### What is being asked
Starting at the line that contains "Oakwood Black Cropped Trousers", write out each line exactly through the last one in the material below, and nothing more; omit all pictures.

### Records to use
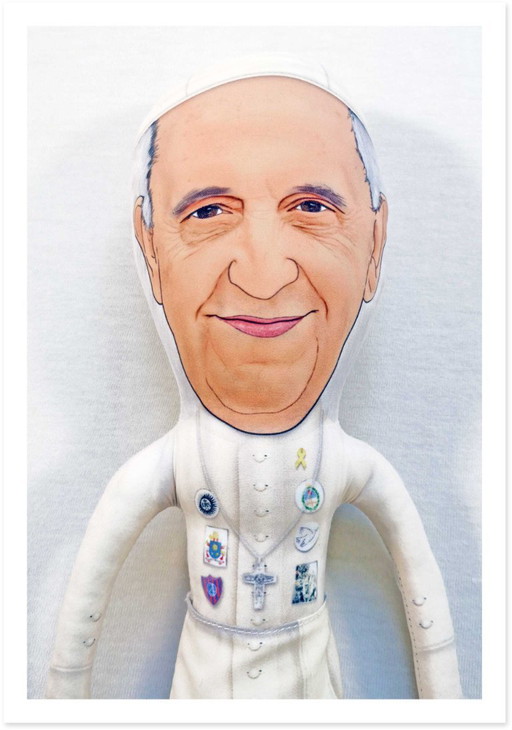 Pope Francis Gift | Pope Francis Decor | Pope Francis Doll Collectible | Catholic Home Decor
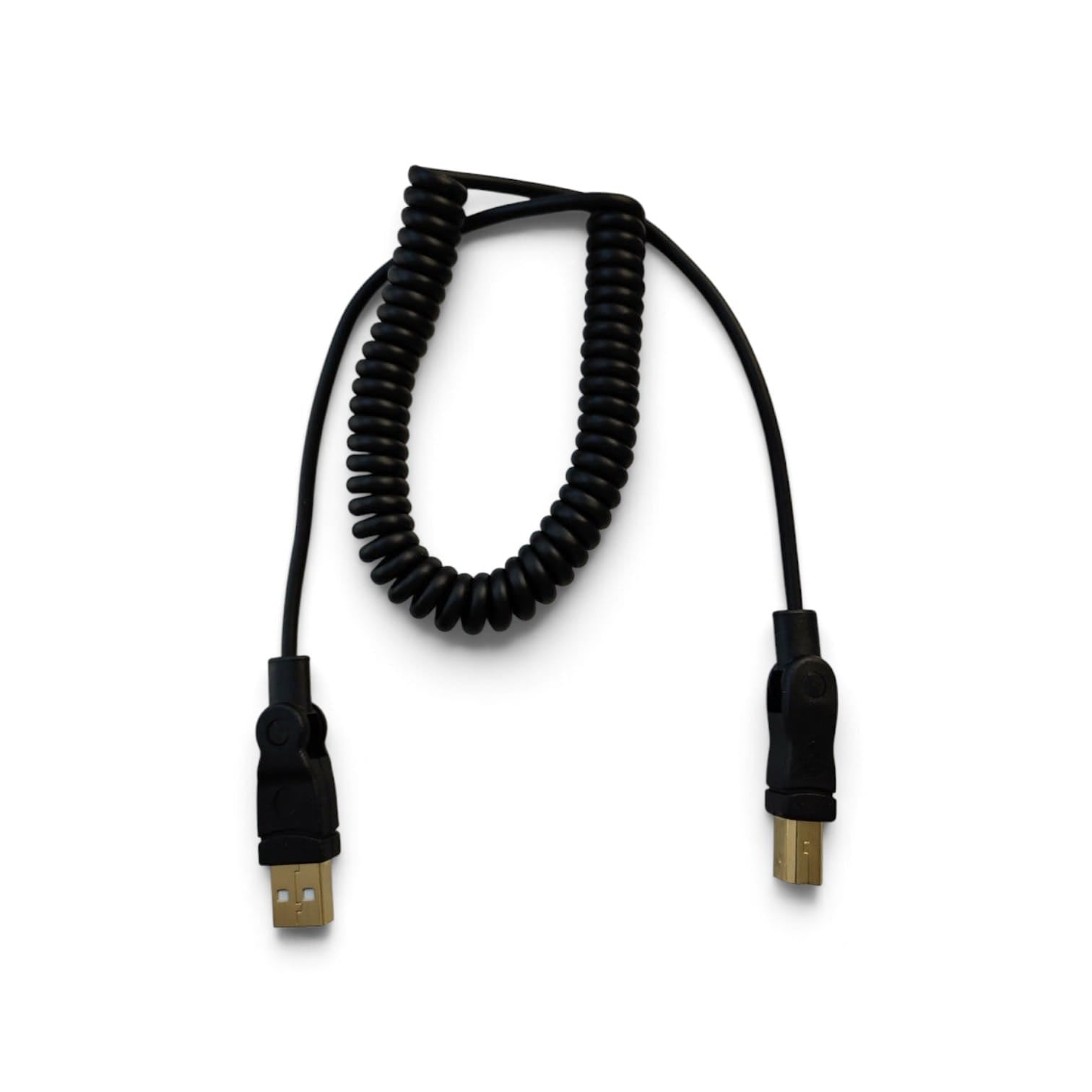 ARP USB Cable Spiral 180grad Schwarz 1 Meter Ideal für Drucker elektroniktrade Switzerland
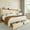 Beige, variant on Einfach Full Bed Frame, Storage Bed with Built-In Charging Station, Linen Upholstered Wingback Headboard, Dark Grey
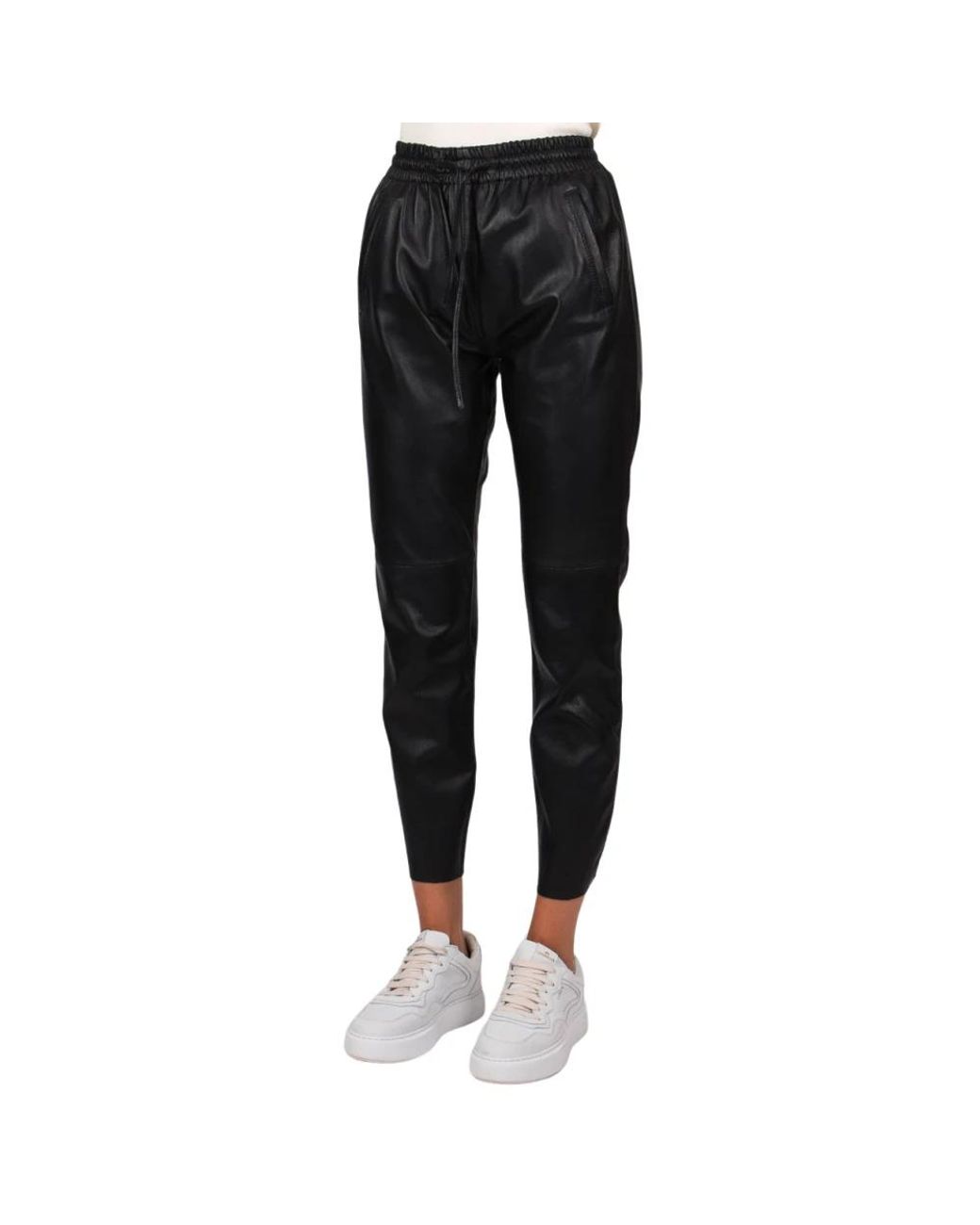 Oakwood Black Cropped Trousers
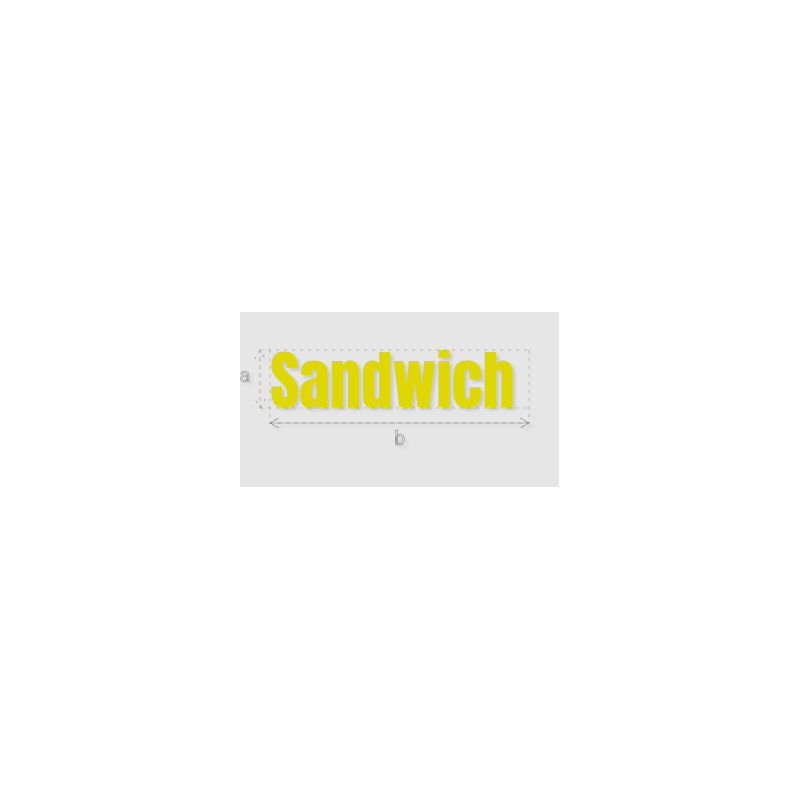 Découpe de lettres : "Sandwich "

### Task answer
 Oakwood Black Cropped Trousers
 Découpe de lettres : "Sandwich "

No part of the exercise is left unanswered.